Et, il en faut du talent pour évoquer son transit intestinal, sa libido réparatrice, l’acte tarifé et son rapport aux femmes sans tomber dans le fumier de la banalité. Millet est probablement l’auteur le plus féministe du paysage éditorial. Il connait les désirs et les foucades de l’autre sexe, il ne les enrobe pas d’une idéologie sentimentale. Son héroïne, Yelizevata, une aide-ménagère qui se déshabille aussi froidement qu’elle récure avec méthode, happe le lecteur. Elle m’a fait penser au titre de Sagan : Un peu de soleil dans l’eau froide adapté au cinéma par Jacques Deray avec Claudine Auger. Yelizevata n’a pas le déhanché soyeux de l’ex-James Bond girl, sa distance slave mal dégrossie n’en demeure pas moins séduisante. « Étude pour un homme seul », le court récit que Millet publie aux éditions Pierre-Guillaume de Roux, a la sécheresse flamboyante d’un éclair dans la nuit.

Étude pour un homme seul, Richard Millet – éditions Pierre-Guillaume de Roux

Travail de mémoire

Nous sommes saturés d’enquêtes et de sondages, sans eux les chaînes d’info n’existeraient pas. Notre opinion est auscultée pour lui faire dire ce que les commanditaires ont décidé, par avance. Pour qui voter ? Quoi acheter ? C’est aujourd’hui un outil de propagande et d’intimidation. Alors, quand on plonge dans « Paroles de Français anonymes » d’Alain Corbin paru chez Albin Michel, on est saisi par la fraîcheur du propos, l’écoute attentive, le travail scrupuleux de l’historien et le parfum de ces provinces oubliées. Il y a le plaisir gourmand du découvreur de trésor, mettre la main sur des témoignages non avariés. En 1967, le professeur agrégé Corbin, trente ans au compteur, part sonder 183 électeurs de la Haute-Vienne, pour l’essentiel des hommes du peuple, équitablement répartis entre les zones rurales et la ville de Limoges, bastion du socialisme.

Corbin ne les interroge pas sur l’actualité brûlante, l’Eurovision, le dernier Godard (La Chinoise) ou le Grand Prix de l’Académie française décerné à Michel Tournier, il leur demande de se souvenir de leurs impressions entre 1934 et 1936 : sur les événements du 6 février 1934, la politique de Laval et ses décrets-lois, les Croix de Feu, le chômage naissant, l’arrivée des immigrés italiens, le Négus, la SDN, l’attitude des Allemands, Anglais, Russes et bien sûr le Front Populaire et la personnalité de Léon Blum.

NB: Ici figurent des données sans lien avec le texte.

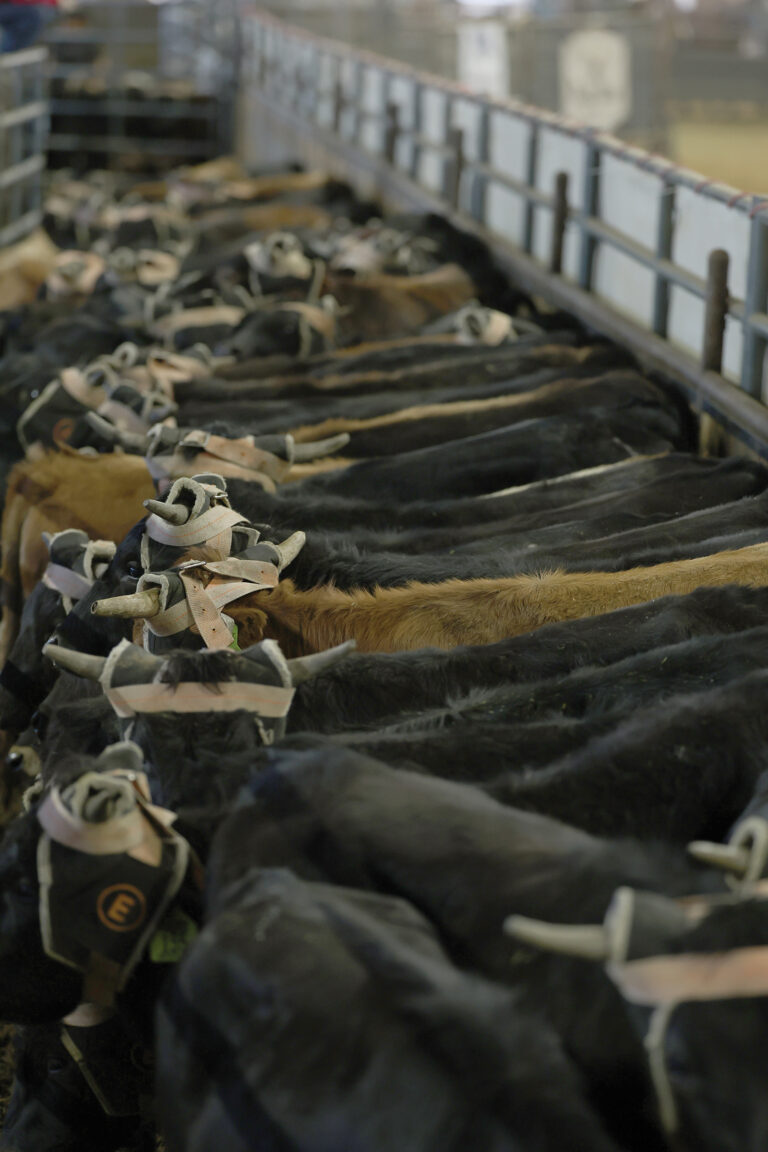 April_25_MCS_9666 copy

Instituteurs, négociants en vins, exploitants agricoles, ouvriers porcelainiers, tous se rappellent de cette époque charnière. L’historien du silence réussit à recréer au plus près le décor et l’ambiance de ces années 30 sans les raccourcis idéologiques d’aujourd’hui.

Paroles de Français anonymes, Alain Corbin – Albin Michel

Qui a tué ?

Les éditions L’Éveilleur continuent de ressusciter l’œuvre de Louis Roubaud (1887-1941), grand reporter aussi célèbre, en son temps, qu’Albert Londres et Joseph Kessel. Sa mort mystérieuse en Espagne n’a jamais été élucidée. Ses articles publiés dans Marianne, Le Gaulois, Le Quotidien, Détective et surtout le Petit Parisien ont fasciné des milliers de lecteurs. Ce journaliste d’investigation a toujours fourré son nez dans les sales draps de l’Histoire en marche : bagne de Guyane, prisons d’enfants, prostitution, montée du nazisme ou internement en asiles psychiatriques.

Ses reportages ont fait l’objet de compilations. Par contre, il ne s’est guère aventuré sur le terrain du roman et de la fiction pure. « Un homme nu dans une malle » n’avait jamais été réédité depuis 1945. Ce polar publié en feuilleton dans Le Petit Parisien du 24 août au 22 septembre 1938 sous le titre « Le Crime des quatre jeudis » est donc un objet rare. « Un grand reportage documentaire et romancé » qui lorgne du côté de Gaston Leroux et brouille les lignes entre le vrai et le faux. Pourquoi a-t-on retrouvé le cadavre d’un homme nu dans une malle à la consigne de la gare de Nantes P.-0 ?

Un homme nu dans une malle, Louis Roubaud – L’Éveilleur Polar.